We are not trained to trust this interior world.
We are trained to override it, to explain it away, to move past it quickly. To pull ourselves together. To keep going. To make sense—preferably out loud and preferably in ways that reassure others. We are encouraged to value clarity, articulation, and visible transformation, while quietly mistrusting what cannot yet be explained.
But not everything real is immediately speakable.
I’ve noticed this most clearly in moments when I want to express something that I feel deeply, but words arrive late—or not at all. In conversation with my wife. In friendships. Even alone with myself. There are times when I know something internally with great clarity, yet the moment I try to explain it, the language flattens it. The words feel inadequate, almost misleading. And when I push myself to speak anyway, misunderstanding often follows—not because the other person isn’t listening, but because the words were never the thing itself.
I’ve also noticed this in those liminal moments between sleeping and waking, when something feels completely clear—images, insights, understanding moving quickly and fluidly—only to disappear the moment I sit down to write. The words vanish, but the felt sense remains. The experience is still alive in me, even without its verbal counterpart.
For a long time, this frustrated me. It felt like a failure—of communication, of memory, of expression. But slowly, I’m beginning to see it differently.
The inability to fully articulate what is happening inside me does not diminish what is happening inside me.
Something can be real, active, and transformative without being visible or explainable. Interior movement does not require external evidence to justify its existence.
Part of my upbringing in the church taught me—very subtly—to mistrust this. I learned, in certain environments, that emotional experiences needed to be redirected, resolved, or translated quickly into approved meanings. Feelings were allowed, as long as they fit within an existing framework. Over time, I became skilled at setting aside what I felt in order to stay aligned, appropriate, understandable.
I don’t name this as blame. It is simply part of my lived path. A way I learned to survive and belong.
But now, as I pay closer attention to my inner life, I’m realizing how much vitality exists beneath the surface—how alive I feel when I allow my felt experience to be what it is, without rushing it into explanation. I’m learning that I don’t always need to narrate what is happening inside me. I don’t need to perform my interior life for it to be valid.
This has changed the way I look at others, too.
I wonder what might change if we trusted this more—not just in ourselves, but in one another. If we allowed for the possibility that what we see and hear is only a fraction of what is actually happening inside someone.
When we listen with our intuition as well as our ears, when we allow ourselves to feel what is being said—and what isn’t—our conversations may move in unexpected directions. Slower ones. Gentler ones. Ones shaped less by certainty and more by curiosity.
Even that small shift feels like an act of respect.
When I encounter someone —whether they seem calm or reactive, distant or confident—I hold the quiet knowing that there is far more happening inside them than I can see. That their behavior is only one expression of a much larger, unseen landscape. And that landscape deserves care, even when it remains inaccessible to me.

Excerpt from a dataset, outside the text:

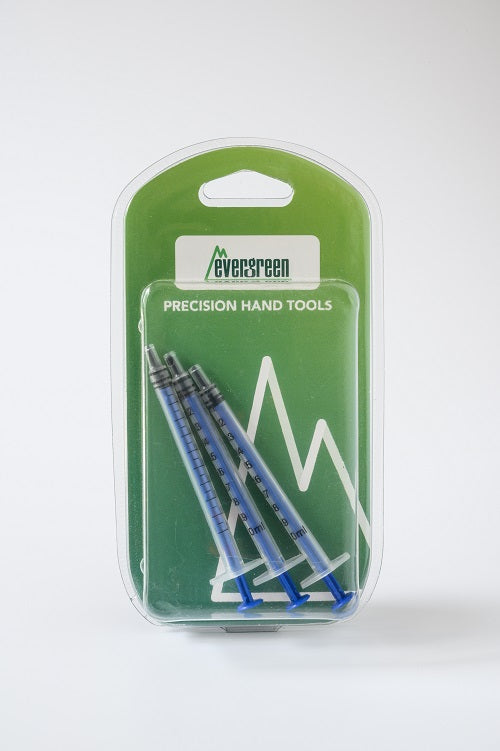 Evergreen Scale Models 78000 1 ml Syringes (Pack of 3)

We alter our personalities and behaviors in response to our felt experiences all the time. Yet we rarely honor the experiences themselves. We look for outcomes, explanations, improvements. We miss the sacredness of what is unfolding internally, often without witnesses.
I am learning to trust that interior unfolding.
Whether or not I have words for it yet. Whether or not it looks like anything from the outside. Whether or not anyone else can see it.
My interior life is not incomplete because it cannot always be spoken. It is alive. And I am learning to trust what is unfinished.